Jeff Horwich: It’s a perfect morning for a little Attitude Check. It’s our weekly partnership with Gallup. Editor-in-chief Frank Newport is here as always. Happy Health Care Day, Frank.
Frank Newport: Well thank you very much. Good to be with you on this momentous morning.
Horwich: Putting the law aside, are Americans happy with their health care?
Newport: Well, everything is relative. Here’s a number for you: 73 percent. That’s the percent of Americans who say they are satisfied with the quality of health care they receive. Now we’ve put that in context; we’ve asked that exact same question in over 100 countries world wide, and we are 28th on the list. So, I think 73 percent’s pretty good, but we’re not at the top.
Horwich: Of major countries, who has the most loved health care system?
Newport: It’s Luxembourg — how’s that?
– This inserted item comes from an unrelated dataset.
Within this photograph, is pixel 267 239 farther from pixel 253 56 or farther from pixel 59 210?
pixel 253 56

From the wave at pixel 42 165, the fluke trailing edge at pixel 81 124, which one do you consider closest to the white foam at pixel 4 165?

Ninety-three percent of Luxembourgians are satisfied. U.K., which is interesting, is right below that. Other European countries — Austria, Germany, Belgium — those are the types of countries that tend to be the most satisfied. You know, we say the U.K. and say, oh, that’s because they have government run health insurance. But Canada, our country to the north, they’re actually tied to the U.S. So we’re very, very similar to Canada.
Horwich: Let’s just say the reform law, or some crucial part of it, falls — are Americans exhausted by this process? Or do you think there’s going to be real demand for something else to replace it and fairly soon?
Newport: I do not see, in all the data I look at, that we’re going to have a huge demand. One of the reasons is there’s been relatively little impact on the health care so far; it’s going to be rolled out in the years ahead. When we ask what’s the most important problem facing the country — a real key indicator — it is the economy and it is jobs; health care is very low on the list right now. And as we talked about, Americans are generally satisfied with the health care they’re receiving — it’s not a crisis, according to Americans. So I don’t see a huge demand, a giant push — quick, do something quickly — if the Supreme Court strikes it down.